El problema central, sin embargo, es el que mencionábamos líneas arriba. A saber, que la mayor parte de lo presentado como plan de trabajo de este nuevo Gabinete fue evidentemente un zurcido de los informes que le hicieron llegar para la ocasión los distintos ministerios sobre los avances y proyecciones de lo que de cualquier forma tenían programado para este año y los próximos. Y no está mal que se sigan, por ejemplo, “mejorando las condiciones de operatividad y accesos al aeropuerto Jorge Chávez” o que se aspire a “culminar el programa de formación en servicio para 23.233 docentes y directivos de educación básica del nivel secundario en noviembre del 2019”. Eso lo tienen que hacer de todas maneras. ¡Ojalá que lo cumplan! Pero que no pretendan contarnos que es con ese tipo de medidas que se va a torcer el curso de la historia.

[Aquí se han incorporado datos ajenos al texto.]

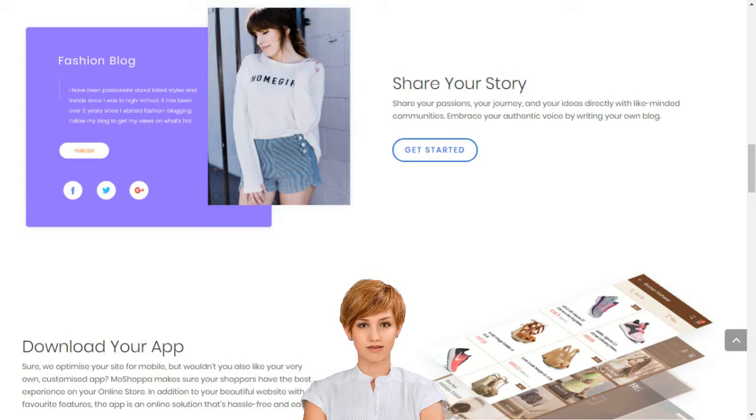Choose the products you want listed on your website. Select a template and you are good to go.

Tan preocupante como la menudencia de algunas de las acciones que el primer ministro decidió incorporar en su mensaje, no obstante, fue la dimensión de los silencios que optó por guardar acerca de los asuntos que realmente harían una diferencia en el ritmo del crecimiento económico del país (y, en esa medida, servirían para reducir pobreza, construir infraestructura y financiar las reformas política, de justicia, de educación, de salud y todas las que consideren necesarias; es decir, cambiar la historia).

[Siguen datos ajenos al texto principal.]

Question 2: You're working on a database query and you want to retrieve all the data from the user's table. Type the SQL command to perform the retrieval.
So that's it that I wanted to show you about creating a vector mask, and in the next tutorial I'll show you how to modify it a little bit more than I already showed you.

En una reciente columna sobre la llegada del amigo Del Solar al premierato, nos preguntamos si él estaba dispuesto a comprarse el pleito de los proyectos mineros bloqueados y el de la flexibilización de la legislación laboral, que, a nuestro juicio, son precisamente los asuntos que harían la diferencia a la que nos referíamos.

Pues bien, con la minuciosa omisión del problema de en el discurso y el reiterativo remedio que ha prometido para reducir la informalidad en el trabajo (“reforzaremos el proceso de fortalecimiento de inspección con presencia nacional, contando con más inspectores”), se diría que ha respondido.

—Salvo, Salvador…—

No queremos sonar exagerados. La gestión del actual presidente del Consejo de Ministros no se anuncia peor que la de sus predecesores… pero tampoco mejor. Y, por sus capacidades y formación, eso es lo que pensábamos que estaba destinada a ser.

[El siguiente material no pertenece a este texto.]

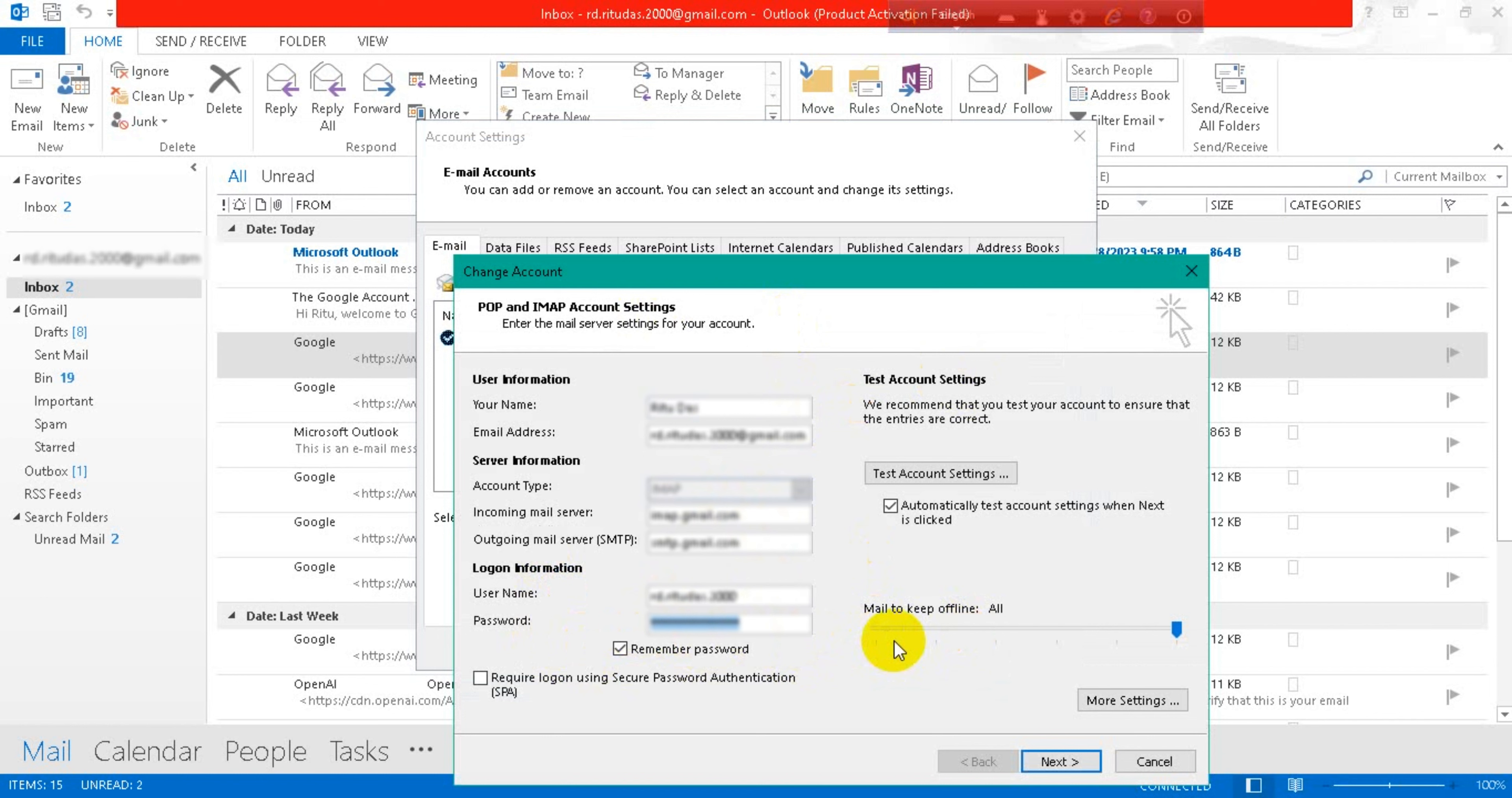Then go to Next. I'm not going to change my password here, but you can change it from here.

A juzgar por lo que dijo y dejó de decir en el Congreso, nada nuevo ocurrirá en el país bajo su administración del Gabinete. Todo será avances y retrocesos caracterizados por el zangoloteo habitual del cruce entre burocracia y política, y pautados por lo que indiquen las encuestas que el presidente no mira para gobernar.

Un día, sin embargo, llegará el 28 de julio o alguna otra fecha que todavía no se distingue en el calendario y el poco oxígeno con el que ha empezado esta aventura se habrá consumido tanto que le tocará marcharse, con la frente en alto pero la historia intacta.

Salvo, Salvador, que te lo pienses de nuevo y de veras decidas cambiarla. Que les devuelvas los fragmentos de ese discurso inane a los ministerios que te los proporcionaron en origen para que cumplan con hacer lo que de todas maneras les correspondía, y tú en cambio acometas lo que realmente hace falta. Porque, de otra manera, el sacrificio personal que sin duda has hecho no habrá valido la pena.